Ketika terdesak dari setiap parit lain, para trinitarian akan selalu bisa mempertahankan diri di atas prinsip yang sama seperti sekarang, dengan menyangkal bahwa trinitas yang mereka predikatkan pada esensi ilahi adalah sesuatu yang positif/tegas, melainkan hanya sebuah pemungkiran terhadap ketunggalan bilangan itu.
Maka, setelah menyelesaikan bagian utama Dalil Umum melalui pembuktian formal kejamakan persona dalam ketuhanan, aku mendesak maju ke pertimbangan bagian akhir, yakni bahwa kejamakan persona yang kita argumenkan adalah trinitas. Argumen pertama yang mendukungnya kuambil dari nalar itu sendiri, yang menanamkan bahwa trinitas saja bilangan sempurna dan sekaligus perlu. Namun, sebelum mengembangkan asal-usul bilangan, tak ada salahnya mempertimbangkan makna samar istilah keesaan/ketunggalan dan membela ungkapan trinitas dalam keesaan atau keesaan dalam trinitas dari tuduhan menjijikkan bahwa itu kontradiksi istilah.

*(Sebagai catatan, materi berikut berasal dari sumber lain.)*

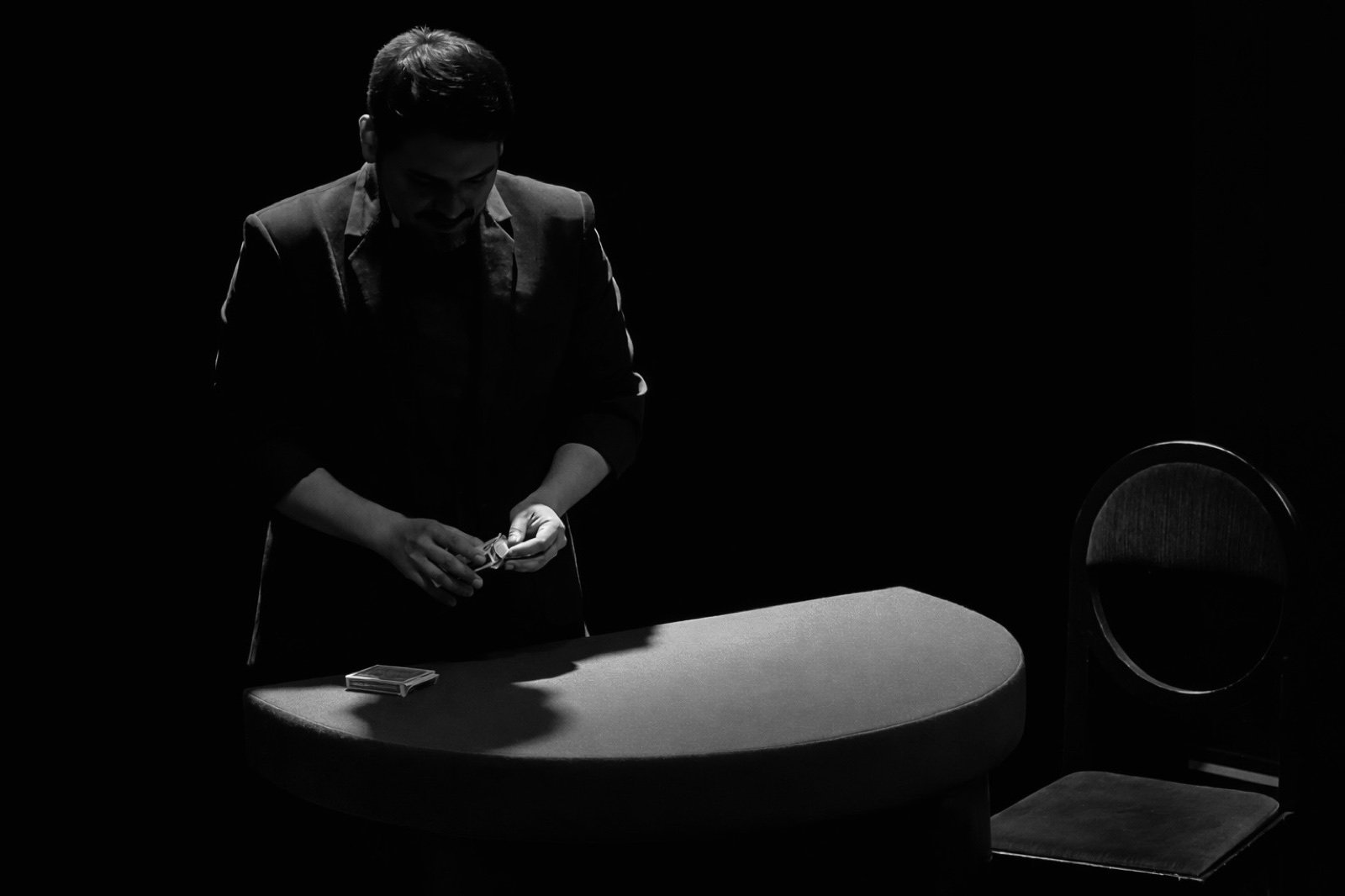Alejandro performing sleight of hand under a dramatic spotlight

Nah, keesaan memiliki dua arti: yaitu keidentikan atau kesamaan wujud, ketika diterapkan pada substansi; dan singularitas/kekhususan bilangan, ketika diterapkan pada persona-persona atau subsistensi-subsistensi individual. Dalam ungkapan trinitas dalam keesaan atau keesaan dalam trinitas, keesaan dipahami dalam arti pertama. Sebab ketika kita menyatakan bahwa keesaan ketuhanan eksis dalam trinitas persona-persona, atau bahwa trinitas persona-persona subsis dalam keesaan ketuhanan, yang kita maksud bukanlah keesaan persona atau bilangan, yang memang bakal menjadi kontradiksi istilah, melainkan hanya keesaan, ketunggalan, atau kesamaan wujud, yang bertolak belakang dengan keesaan persona, dan karenanya [bertolak belakang] dengan keesaan bilangan, sebab ungkapan-ungkapan ini, sebagaimana tampak jelas bagi orang paling kurang tajam sekalipun, adalah ekuivalen. Oleh karena alasan ini, dan bukan yang lain, dalam mendiskursuskan keesaan ketuhanan, aku lebih suka istilah kesamaan dibanding keesaan, sebab itu sepenuhnya tidak ambigu dan jauh lebih terkalkulasi (lantaran pemakaian dan artinya yang familiar) untuk menjaga maksudku dari disalahpahami dan diselewengkan.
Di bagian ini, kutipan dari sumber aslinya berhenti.